DATA FOR PROCESSING »
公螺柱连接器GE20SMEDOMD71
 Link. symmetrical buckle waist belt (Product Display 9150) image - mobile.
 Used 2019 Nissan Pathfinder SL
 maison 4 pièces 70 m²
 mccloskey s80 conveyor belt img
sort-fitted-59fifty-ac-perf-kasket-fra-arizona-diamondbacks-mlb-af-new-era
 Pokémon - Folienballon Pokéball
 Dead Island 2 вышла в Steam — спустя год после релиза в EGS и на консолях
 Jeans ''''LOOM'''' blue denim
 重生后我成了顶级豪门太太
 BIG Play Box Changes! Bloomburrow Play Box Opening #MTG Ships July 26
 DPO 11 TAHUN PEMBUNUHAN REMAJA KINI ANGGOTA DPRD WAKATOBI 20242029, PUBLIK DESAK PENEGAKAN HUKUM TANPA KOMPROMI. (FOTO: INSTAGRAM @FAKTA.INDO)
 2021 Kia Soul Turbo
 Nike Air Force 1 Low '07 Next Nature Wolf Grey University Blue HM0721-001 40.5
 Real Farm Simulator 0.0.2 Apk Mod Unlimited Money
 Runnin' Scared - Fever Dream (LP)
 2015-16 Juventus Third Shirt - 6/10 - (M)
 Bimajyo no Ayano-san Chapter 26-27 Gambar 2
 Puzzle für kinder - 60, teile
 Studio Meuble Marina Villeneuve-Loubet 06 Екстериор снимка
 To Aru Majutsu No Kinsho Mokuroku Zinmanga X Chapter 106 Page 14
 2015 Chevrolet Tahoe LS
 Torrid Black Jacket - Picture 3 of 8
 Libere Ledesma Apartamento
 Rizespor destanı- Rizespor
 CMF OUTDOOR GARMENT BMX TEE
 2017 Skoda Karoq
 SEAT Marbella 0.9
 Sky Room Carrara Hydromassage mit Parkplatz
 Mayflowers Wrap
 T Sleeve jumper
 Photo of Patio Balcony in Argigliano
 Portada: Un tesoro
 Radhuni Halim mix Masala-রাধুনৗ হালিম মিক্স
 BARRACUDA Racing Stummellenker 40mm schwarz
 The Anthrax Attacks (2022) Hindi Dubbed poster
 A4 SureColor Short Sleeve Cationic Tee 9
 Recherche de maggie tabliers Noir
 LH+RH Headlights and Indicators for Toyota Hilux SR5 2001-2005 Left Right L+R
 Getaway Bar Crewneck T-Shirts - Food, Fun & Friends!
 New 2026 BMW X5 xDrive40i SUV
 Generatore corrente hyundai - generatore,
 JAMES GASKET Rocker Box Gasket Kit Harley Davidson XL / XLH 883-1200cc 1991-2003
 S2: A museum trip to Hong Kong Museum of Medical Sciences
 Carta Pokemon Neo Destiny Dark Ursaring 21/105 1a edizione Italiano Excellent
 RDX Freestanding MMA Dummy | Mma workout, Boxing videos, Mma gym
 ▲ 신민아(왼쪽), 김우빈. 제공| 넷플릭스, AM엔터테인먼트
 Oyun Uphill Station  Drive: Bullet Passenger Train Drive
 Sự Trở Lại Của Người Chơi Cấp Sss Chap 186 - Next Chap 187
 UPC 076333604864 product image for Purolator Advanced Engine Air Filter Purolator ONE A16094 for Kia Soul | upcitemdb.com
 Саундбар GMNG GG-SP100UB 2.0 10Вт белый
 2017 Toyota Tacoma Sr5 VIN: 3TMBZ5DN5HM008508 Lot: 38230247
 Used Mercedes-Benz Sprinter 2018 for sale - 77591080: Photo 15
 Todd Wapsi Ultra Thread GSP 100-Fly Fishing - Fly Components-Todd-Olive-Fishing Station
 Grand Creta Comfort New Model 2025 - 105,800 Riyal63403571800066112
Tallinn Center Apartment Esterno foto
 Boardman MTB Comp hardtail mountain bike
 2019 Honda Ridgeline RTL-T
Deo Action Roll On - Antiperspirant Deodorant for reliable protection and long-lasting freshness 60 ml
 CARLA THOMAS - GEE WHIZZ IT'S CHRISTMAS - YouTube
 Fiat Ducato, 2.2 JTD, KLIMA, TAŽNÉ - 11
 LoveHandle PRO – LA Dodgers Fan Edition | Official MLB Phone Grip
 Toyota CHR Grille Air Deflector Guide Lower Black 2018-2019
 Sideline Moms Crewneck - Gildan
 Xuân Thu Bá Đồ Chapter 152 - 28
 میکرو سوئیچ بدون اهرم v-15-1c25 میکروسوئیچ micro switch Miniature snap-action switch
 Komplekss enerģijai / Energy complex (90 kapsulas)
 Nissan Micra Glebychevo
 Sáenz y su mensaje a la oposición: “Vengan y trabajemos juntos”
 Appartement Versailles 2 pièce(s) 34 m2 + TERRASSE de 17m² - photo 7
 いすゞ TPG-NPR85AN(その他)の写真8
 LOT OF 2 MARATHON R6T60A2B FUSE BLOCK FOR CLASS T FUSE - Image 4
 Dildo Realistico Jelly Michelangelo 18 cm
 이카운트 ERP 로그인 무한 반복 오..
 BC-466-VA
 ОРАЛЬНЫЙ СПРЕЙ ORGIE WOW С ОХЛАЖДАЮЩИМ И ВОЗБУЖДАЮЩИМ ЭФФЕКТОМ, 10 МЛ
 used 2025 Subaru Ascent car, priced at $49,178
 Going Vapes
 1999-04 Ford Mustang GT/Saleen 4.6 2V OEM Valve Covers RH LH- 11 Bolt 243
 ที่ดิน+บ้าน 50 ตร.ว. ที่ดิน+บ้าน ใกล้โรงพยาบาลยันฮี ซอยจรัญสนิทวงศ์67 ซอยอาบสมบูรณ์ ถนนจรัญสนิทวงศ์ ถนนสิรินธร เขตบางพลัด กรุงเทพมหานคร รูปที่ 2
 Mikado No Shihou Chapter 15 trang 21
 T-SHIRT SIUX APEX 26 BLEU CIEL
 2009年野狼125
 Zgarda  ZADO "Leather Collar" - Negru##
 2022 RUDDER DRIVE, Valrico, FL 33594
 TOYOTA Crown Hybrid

TASK BRIEF » Your task is to count the lines of the records that contain "Sleeve". Answer with only that number.

RESULT BELOW » 2